Farpoint è un sogno che si avvera

Farpoint però combatte contro un avversario ulteriore, poiché va giocato prettamente in piedi e non da seduti. Si tratta di uno dei pochi giochi, se non l’unico, che richiedono una simile postura per PlayStation VR, tanto da affiancarsi quasi a Job Simulator o Surgeon Simulator. Nelle prove in anteprima, basate su un unico livello demo, le sessioni erano lunghe tra i 15 e i 20 minuti, ma è stando in piedi per tempi prolungati, vicini all’ora, che si comincia a sentire qualche piccolo dolore. La prima a dare segni di cedimento è la schiena, ma si passa poi velocemente alle ginocchia. Per quanto si sia abituati a stare in piedi per lavorare, ad esempio, in un negozio, le gambe vengono continuamente usate per spostarsi, mentre in Farpoint sono quasi sempre fisse per terra e con la stessa angolazione delle ginocchia. Oppure il sottoscritto, pur essendo venticinquenne, è semplicemente un catorcio, ipotesi da tenere comunque in considerazione.

Conclusioni

Farpoint è un sogno che si avvera, l’evoluzione degli shooter primordiali che richiedevano l’apposito controller da puntare contro il televisore, ovviamente a tubo catodico. Ora però si è totalmente all’interno del mondo di gioco, senza grossi compromessi che vadano ad impensierire o distrarre. PlayStation VR Aim Controller si trasforma in una combinazione di armi osservabili da vicino in ogni momento, come se fossero veramente nelle nostre mani. Insieme, Farpoint e il nuovo controller formano una coppia granitica, capace di regalare al giocatore la migliore esperienza possibile.
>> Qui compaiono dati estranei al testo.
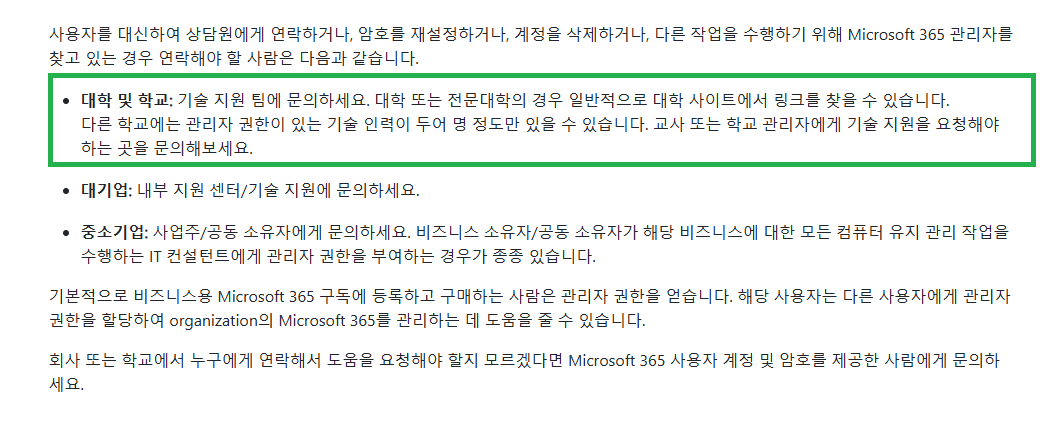 사용자의 이미지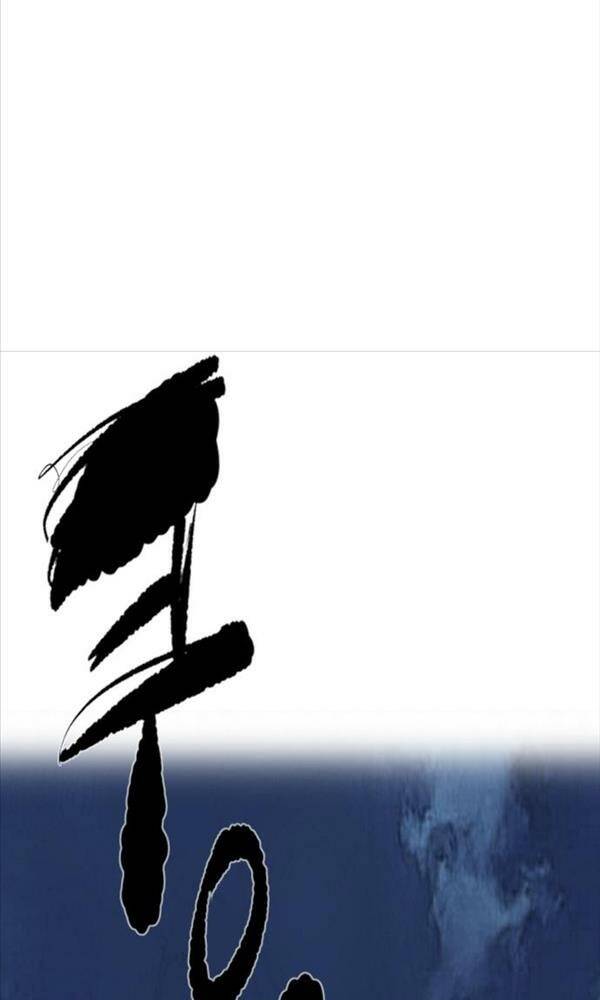 Thể Thao Cực Hạn - Chapter 435 - Page 192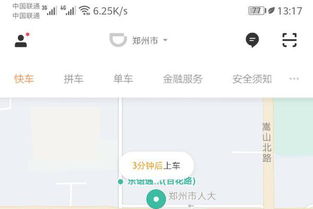 企业出海 - 滴滴外卖国内仍在 运营 已在海外上线外卖 业务 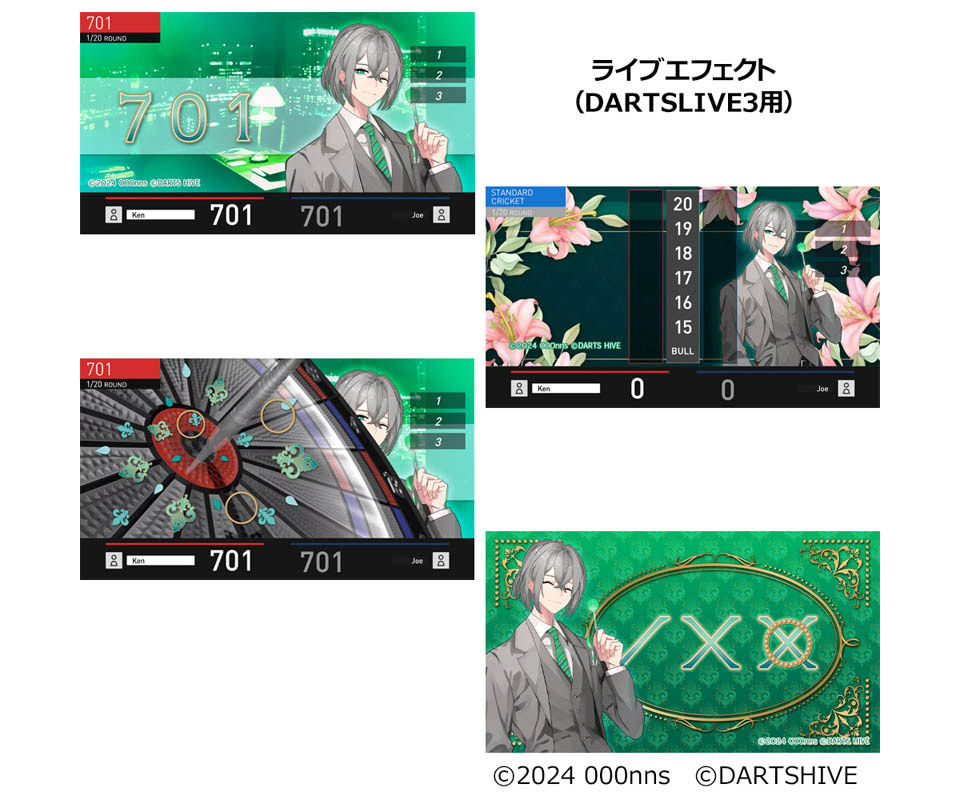 縮圖：DARTSHIVE 聲社員企劃 Happy Ears Collection「花京院ルイ」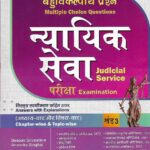 Singhal's [ बहुवैकल्पिक प्रश्ना न्यायिक सेवा परीक्षा ] खंड-3 MCQ for Judicial Service Exam in Hindi [Vol-3]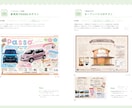 ラフなしでもOK！！原稿だけでデザイン制作します チラシを初めて依頼される方も安心♪しっかりヒアリングします！ イメージ3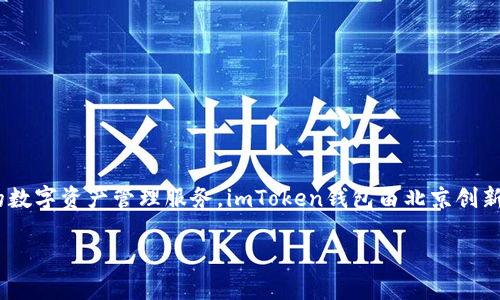 imToken钱包是一款广受欢迎的数字货币钱包应用,专注于为用户提供安全、高效的数字资产管理服务。imToken钱包由北京创新工厂旗下的创始团队于2016年推出,旨在为用户提供便捷的区块链资产管理体验。
### imToken钱包:你的数字资产管理利器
Se non fosse per la natura dei visori VR, che tendono a stancare mentalmente e fisicamente dopo sessioni prolungate, sarebbe parecchio difficile separarsi dall’azione di Farpoint e tornare a dedicarsi a giochi classici su schermo. La lunghezza di una singola sessione cooperativa, che ammonta a circa 20 minuti, è il lasso di tempo perfetto per godere del lavoro di Impulse Gear senza mandare in fiamme i coni e bastoncelli delle vostre retine.

L’attesa è stata lunga, ma ne è davvero valsa la pena e non ha deluso. Se avete PlayStation VR, Farpoint è senza dubbio un acquisto obbligato, poiché sfrutta al massimo il potenziale del visore insieme ai simulatori guida. Se invece non avete il dispositivo creato da Sony, allora questa potrebbe essere l’occasione giusta per fare il grande salto.